Réquiem por Harnoncourt
La muerte de Nikolaus Harnoncourt (86 años) nos habría sorprendido si no hubiera sido porque ya había trascendido hace unas semanas la noticia de su retirada. Que era una forma de morirse. Y que anticipaba estos pormenores trágicos revelados ahora asépticamente por las agencias de noticias.
Harnoncourt ha muerto al tiempo que ha aparecido su último disco. Un homenaje a Beethoven -Cuarta y Quinta sinfonías- que parece un testamento. Porque recurrió para grabarlas a la orquesta de su vida -Concertus Musicus Wien- y porque la versión demuestra la personalidad y la originalidad de Harnoncourt, demiurgo de un Beethoven telúrico, magmático. Que suena y abruma como nunca lo habíamos escuchado. Y que explica la mayor contribución de Harnoncourt a la música: la clarividencia, la capacidad de leer entre líneas, el asombro de convertir el silencio en la nota más sonora de la partitura, la concepción oceánica de la lectura musical.
A Harnoncourt le interesó menos el oleaje que la corriente.

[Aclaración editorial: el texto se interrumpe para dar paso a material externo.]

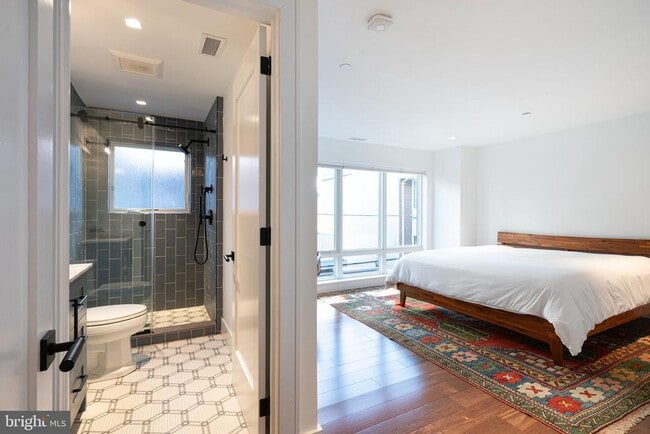 Building Photo - 815 S 20th St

Nos llevó siempre a las profundidades. Sus conciertos eran acontecimientos. Sucedían cosas. Se producían experiencias memorables, trascendiendo la especialidad barroca que hizo del maestro berlinés un descubridor de Monterverdi, un cantor de Bach, un costalero de Handel, un discutible mediador vivaldiano.
Discutible quiere decir que Harnoncourt nunca buscó ni encontró la unanimidad. Menos aún cuando las grandes batutas de su generación -Karajan, Bernstein, Maazel, Solti- debieron observarlo como un excéntrico amanuense que halló en el barroco su territorio marginal. Fue el contexto en que grabó junto a Leonhardt la integral de las cantantas de Bach, proeza discográfica sin equivalencia y canon estético del que mamaron los herederos británicos, holandeses y franceses.
Y su reino no fue de este mundo hasta que apareció entronizado en el Concierto de Año Nuevo de 2001. Allí descubrieron los profanos la expresividad de su gesto, las facultades de telepredicador, la hondura de su mirada, el carisma hipnótico, la combustión de la Filarmónica de Viena, el esfuerzo con que Harnoncourt hizo de la música una liturgia de la vida y de la muerte. Del sonido y del silencio. Tanto color. Tanto contraste. Tanta dinámica. Tanta implicación. Tanta emoción. Tanta pena, tanta. Ha muerto Bach otra vez. Y ha muerto Mozart.